There are 32 photos available for volcanoes in Peru.

Lava domes of Ticsani volcano are shown in the center of this August 2019 Planet Labs satellite monthly mosaic (N is at the top). The previous edifice collapsed to form an estimated 12 km3 debris avalanche deposit and has since emplaced these lava domes. This image is approximately 18.5 km across.
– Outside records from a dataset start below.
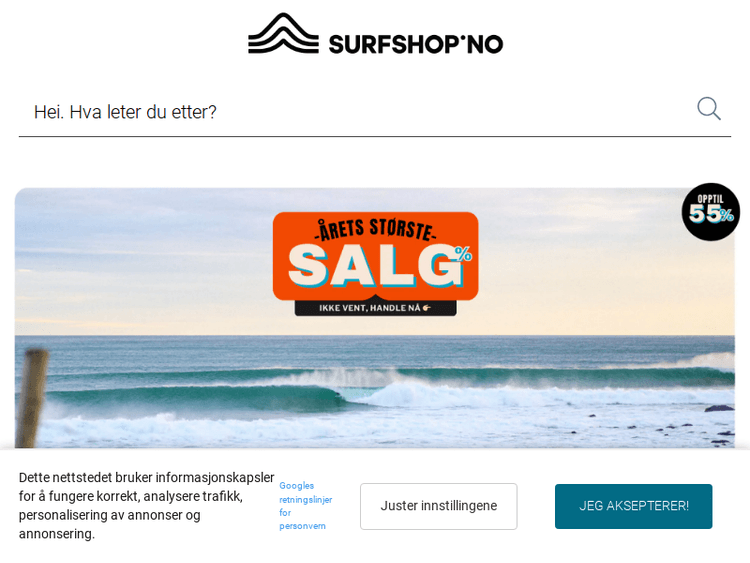 Surfshop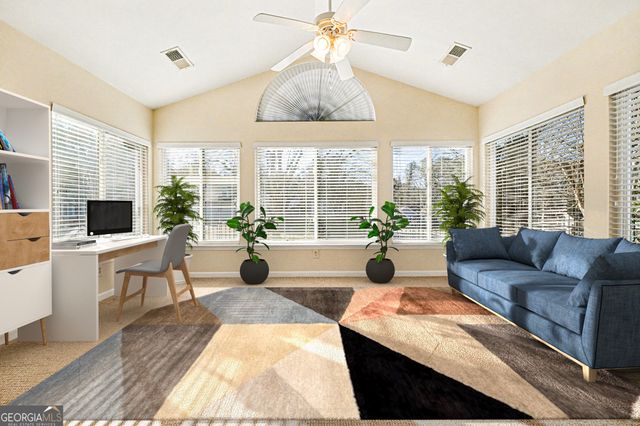 102 CASCADE PARK Drive 0, Atlanta, GA 30331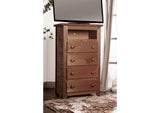 AM7000TV Lea Media Chest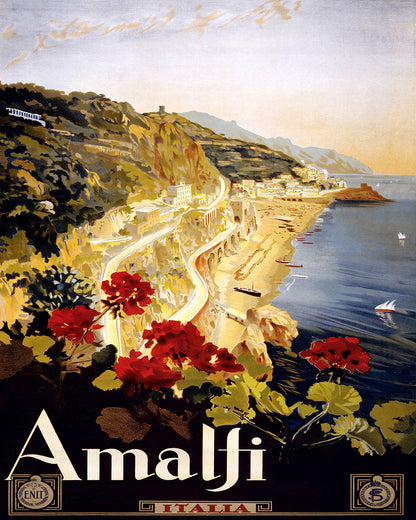 Amalfi Coast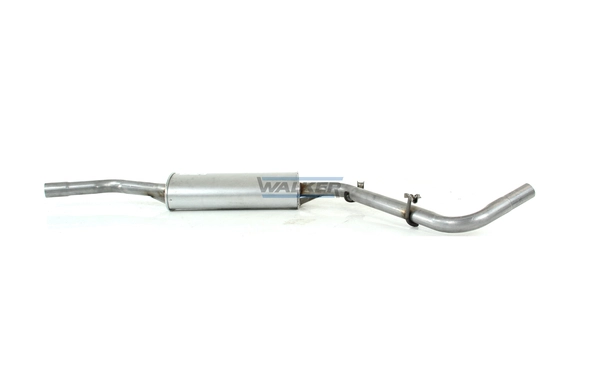 Centre Muffler 21341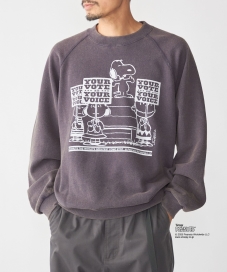 Southwick:〈セットアップ対応〉Gate Label フェルテッド ジャケット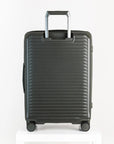 【Mサイズ】 SHOGUN EVO Suitcase M Size｜Deep Olive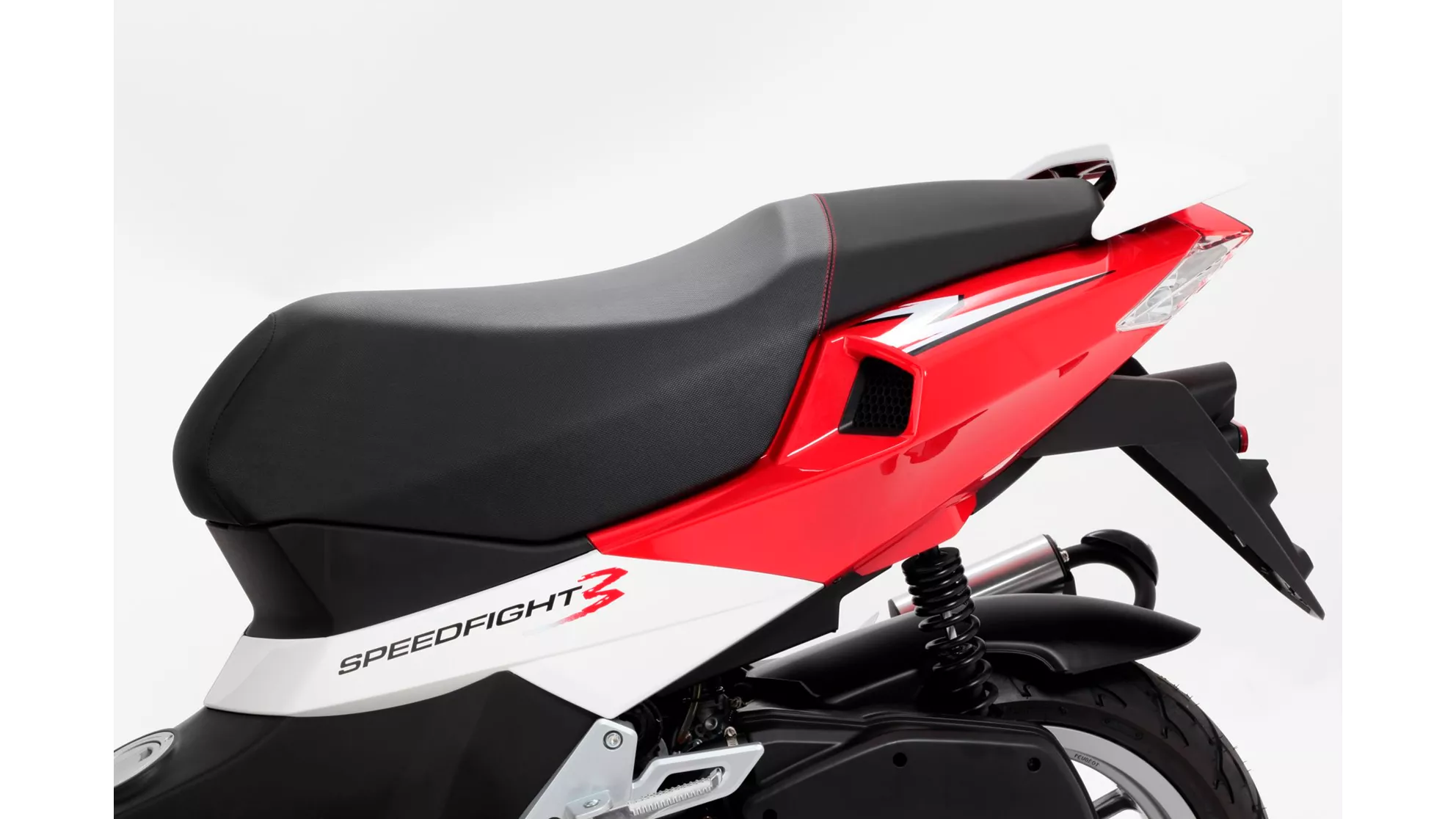 Peugeot Speedfight 3 50 2T AC - Image 5 Peugeot Speedfight 3 50 2T AC - Image 5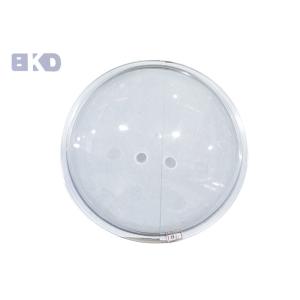 PC PP Electronics Housing Led Bulb Mold Optical Plastic Fittings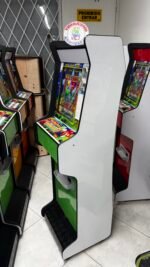 Maquina pikachu C 2020 - Imagen 5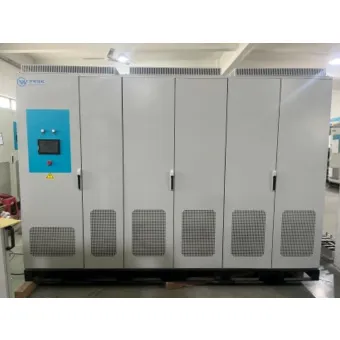 Top 10 Questions to Ask About Quadrant AC Power Supplies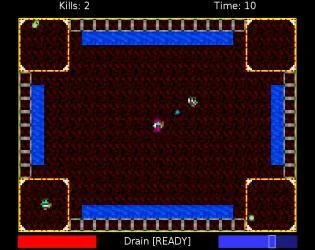 Статьи по Murderers II (itch)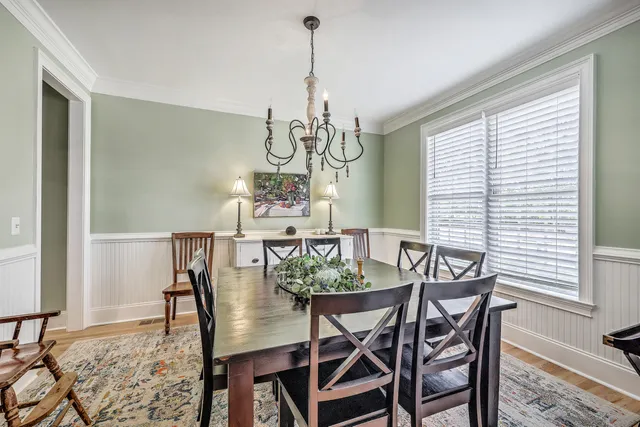 $749,000 | 8704 East Fairway Woods Circle, North Charleston, SC 29420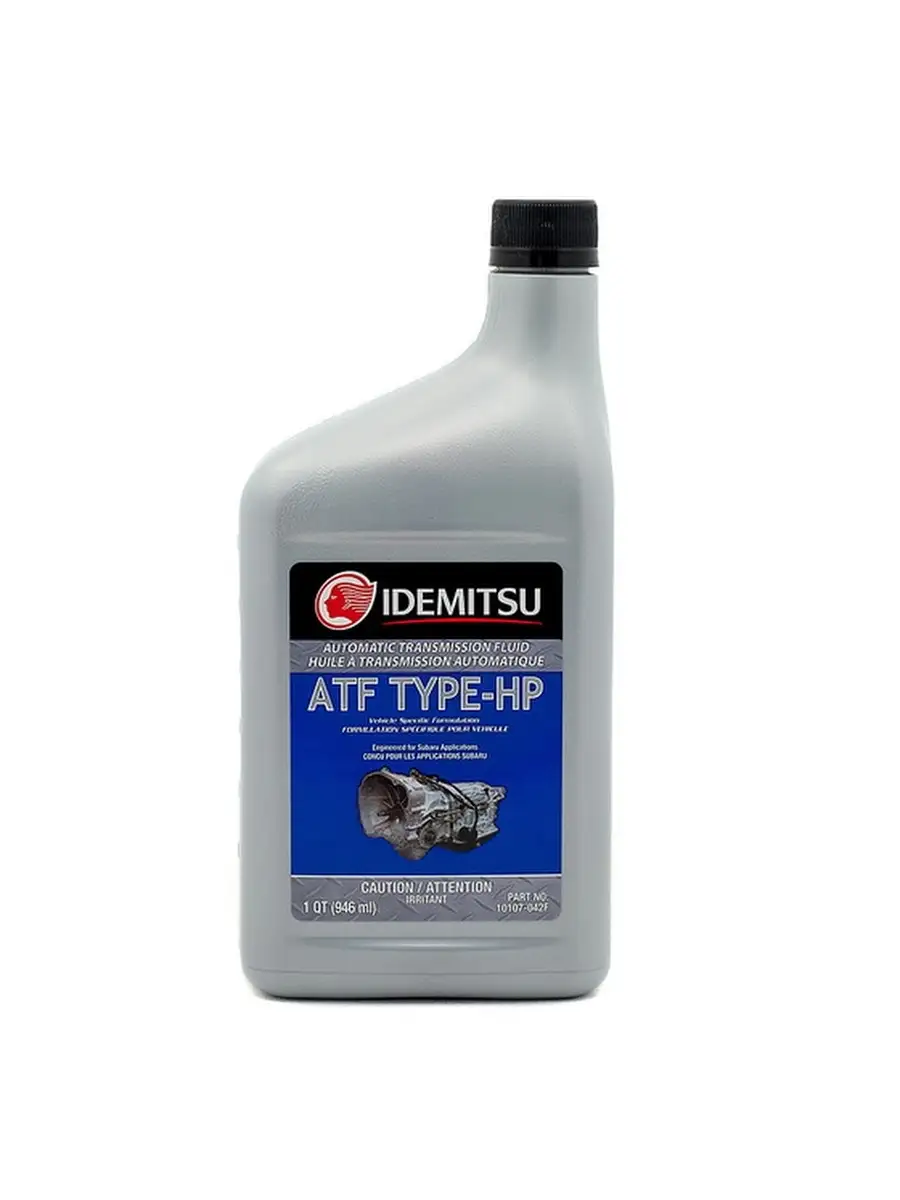 Idemitsu type h. Трансмиссионное масло idemitsu atf. жидкость для акпп idemitsu atf.
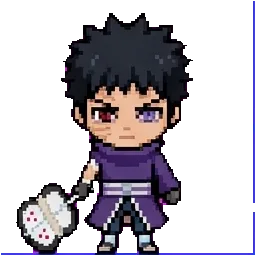Obito sprite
Satellite image courtesy of Planet Labs Inc., 2019 (https://www.planet.com/).
Volcán Ubinas, seen here from the west, is Perú's most active volcano. A small, 1.2-km-wide caldera that cuts the top of Ubinas gives it a truncated appearance. The upper slopes of the stratovolcano steepen to nearly 45 degrees. The steep-walled, 150-m-deep caldera contains an ash cone with a 500-m-wide funnel-shaped vent that is 200-m deep. Holocene lava flows are visible on the volcano's flanks, but historical activity, documented since the 16th century, has consisted of intermittent minor explosive eruptions.

Photo by Norm Banks, 1988 (U.S. Geological Survey).
The glacier-capped Nevado de Chachani volcanic complex lies immediately north of the city of Arequipa. The central part of the 6057-m-high complex contains multiple vents along an arcuate line. Pleistocene lava domes form the glacier-covered northern end of the complex in this NASA image. A prominent lava-flow complex at the bottom-center part of the image with fresh-looking flow levees was erupted from the 8-km-wide lava shield of Pampa de Palacio of late-Pleistocene to possibly Holocene age.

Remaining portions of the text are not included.